Problem: In the records below, find the line with "NHÀ MẶT TIỀN" and repeat exactly every line from it through the line with "Porsche Cayenne GTS". Pictures stay out.

Supplied records:
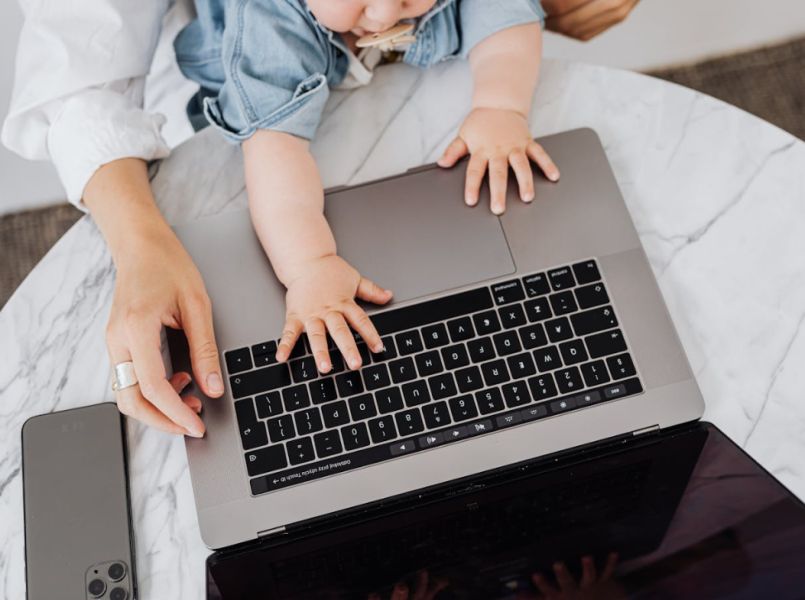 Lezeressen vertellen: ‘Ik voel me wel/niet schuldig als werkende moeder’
---
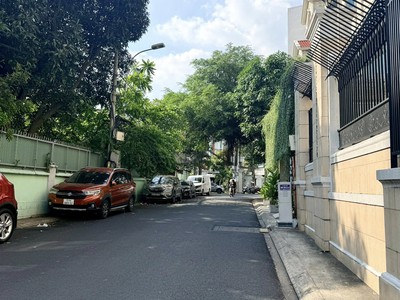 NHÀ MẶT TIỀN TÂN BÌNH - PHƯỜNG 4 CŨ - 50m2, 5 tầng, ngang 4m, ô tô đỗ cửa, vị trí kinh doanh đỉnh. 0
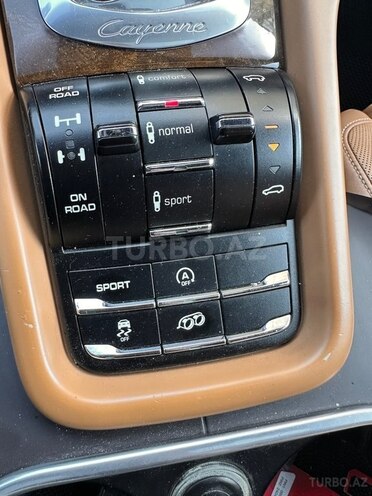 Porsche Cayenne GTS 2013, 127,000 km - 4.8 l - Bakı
==
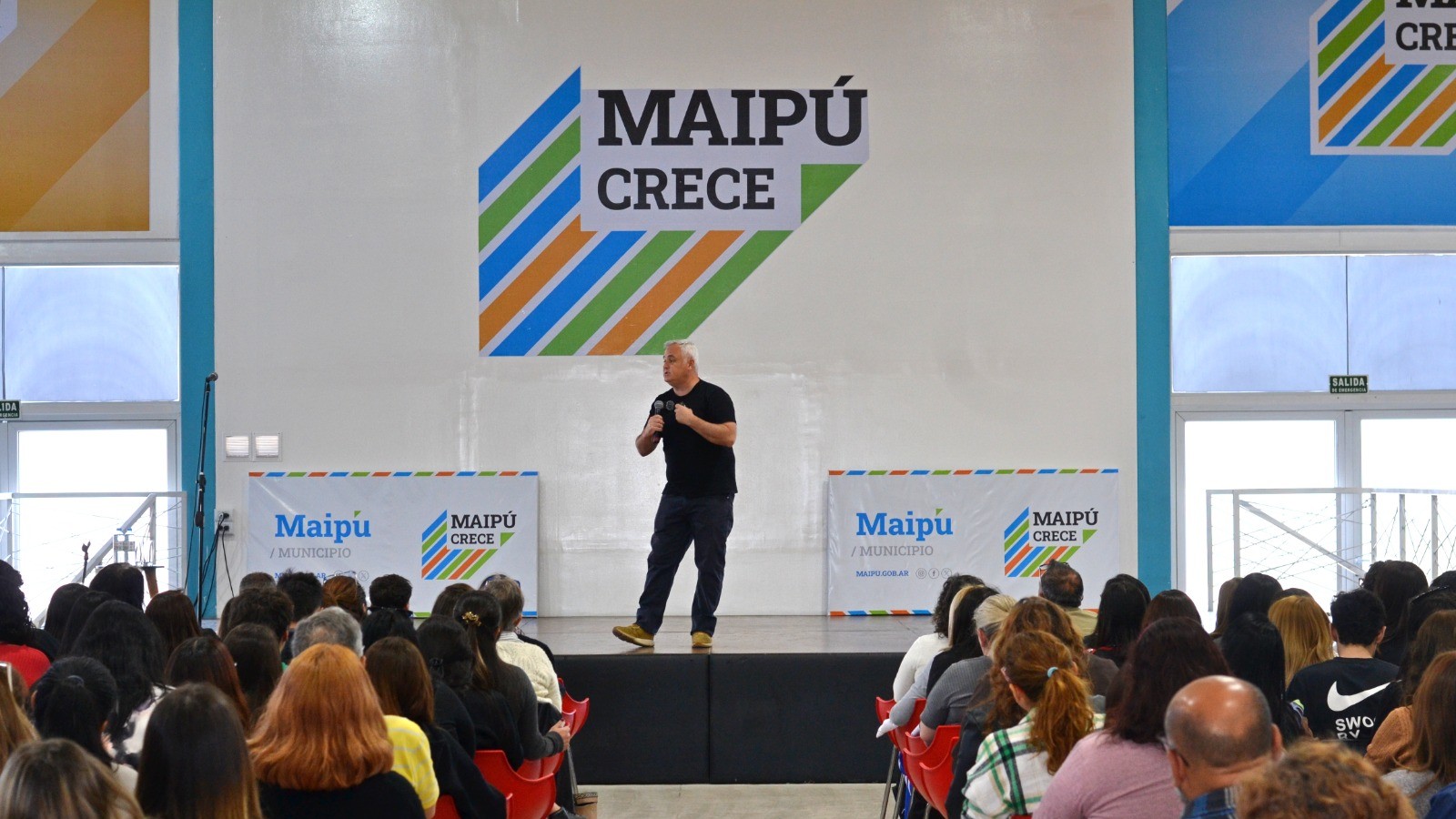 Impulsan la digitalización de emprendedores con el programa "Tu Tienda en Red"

Response:
 NHÀ MẶT TIỀN TÂN BÌNH - PHƯỜNG 4 CŨ - 50m2, 5 tầng, ngang 4m, ô tô đỗ cửa, vị trí kinh doanh đỉnh. 0
 Porsche Cayenne GTS 2013, 127,000 km - 4.8 l - Bakı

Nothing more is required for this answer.